O enriquecimento ilícito e a hipocrisia
A propriedade não é necessariamente roubo, mas o enriquecimento ilícito, mais do que roubo, é a lepra que corrói o tecido dos regimes democráticos, os únicos que permitem a sua denúncia e julgamento.
O combate nem seria muito difícil, se os Estados poderosos
se regessem por princípios éticos e abdicassem de usar os paraísos fiscais para
subsidiarem atividades que vão da espionagem ao apoio a organizações
terroristas.
A facilidade com que alguns partidos abdicam dos princípios
do Estado de direito para a luta eleitoral, incentivando ou tolerando a
inversão do ónus da prova em Direito Penal, é motivo de forte preocupação para
quem defende a CRP e o Estado de direito, isto é, a democracia.
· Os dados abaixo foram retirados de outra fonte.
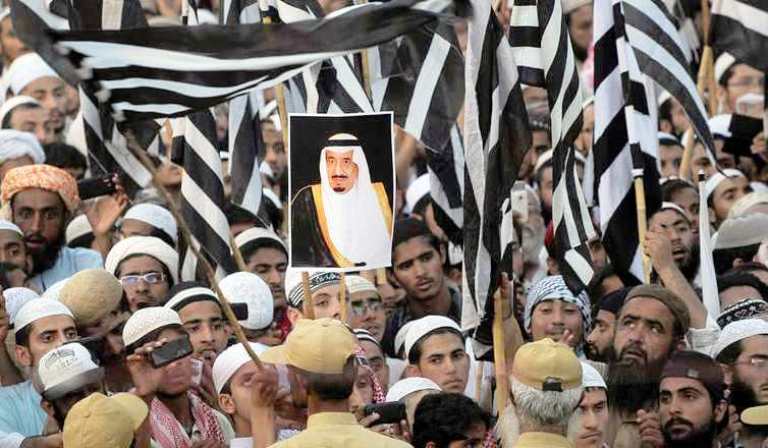 باكستانيون يرفعون صورة الملك سلمان بن عبد العزيز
A retórica do combate à corrupção encontra eco estrondoso
nos média e, sobretudo, nas redes sociais, não tanto por vontade de combater o
crime, mas por demagogia, inveja ou desejo de monopólio.
Há pelo menos um século que, em democracia, a retórica do
combate ao enriquecimento ilícito é um instrumento de luta interpartidária,
alheia ao rombo que causa à democracia, quando mais fácil e eficaz é o fim do
sigilo bancário, já que outro instrumento poderoso – o fim dos paraísos fiscais
–, não depende de um só país ou espaço político-económico.
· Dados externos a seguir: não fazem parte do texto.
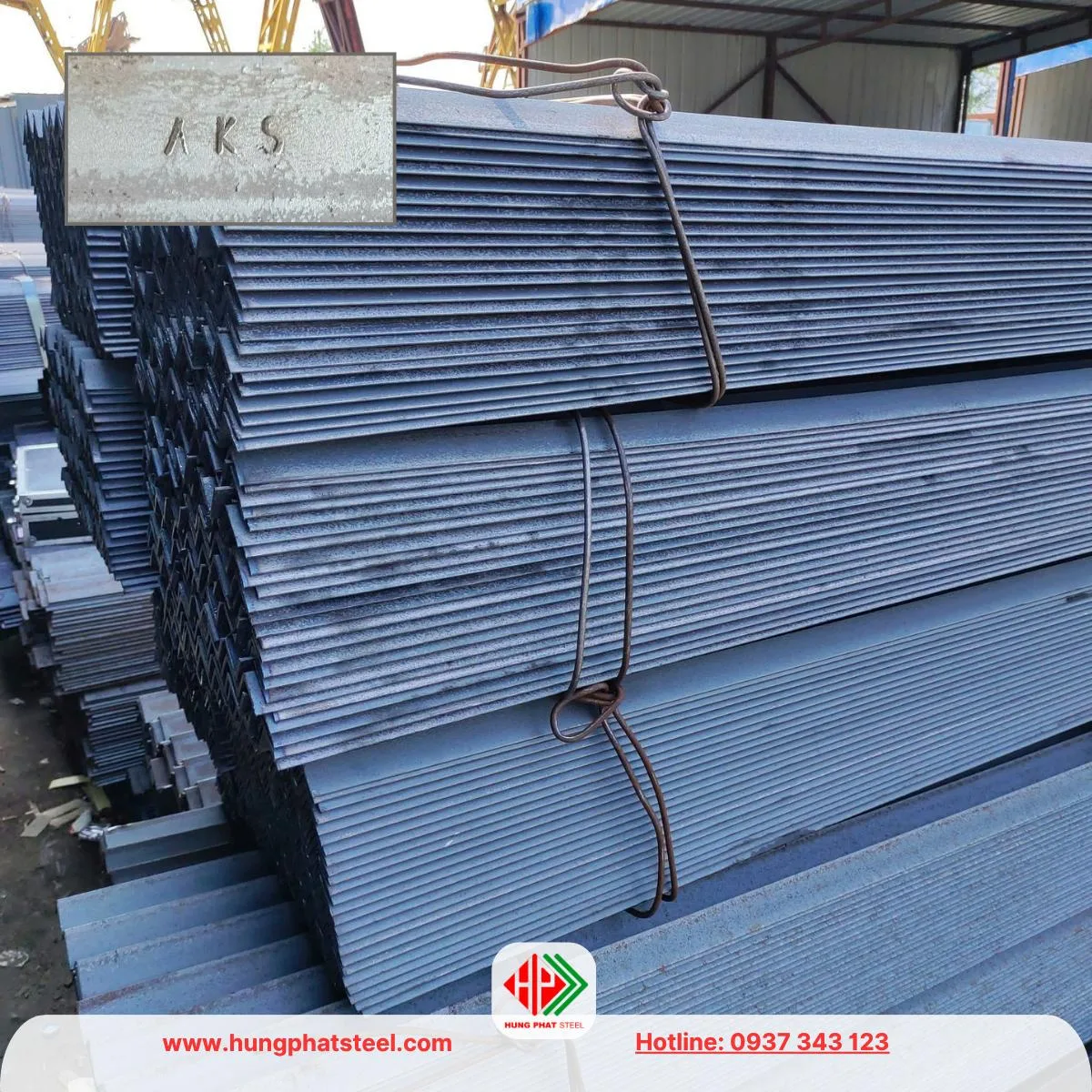 Thép hình V80 An Khánh (Sắt V80x80 AKS) (2)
A desfaçatez com que se recita o mantra “é preciso combater
o enriquecimento ilícito” é quase tão insuportável como a perpetuação do crime.
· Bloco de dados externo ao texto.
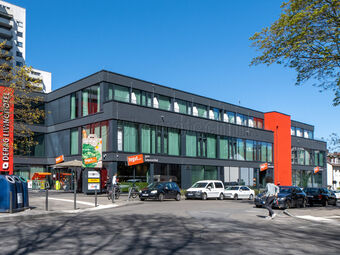 Lebensmittelmarkt unter einem Hotel, Frankfurt am Main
Com exceção dos 48 anos de ditadura, onde o enriquecimento
ilícito era monopólio dos próceres da ditadura, e o encobrimento uma obrigação
da censura, em todas as épocas de liberdade da nossa História, da monarquia
liberal e da primeira República até à atual, este crime foi sempre uma arma de
arremesso político.
Deixo aos partidos políticos o desafio para acabarem com o sigilo bancário e, aos líderes mundiais, o fim dos paraísos fiscais.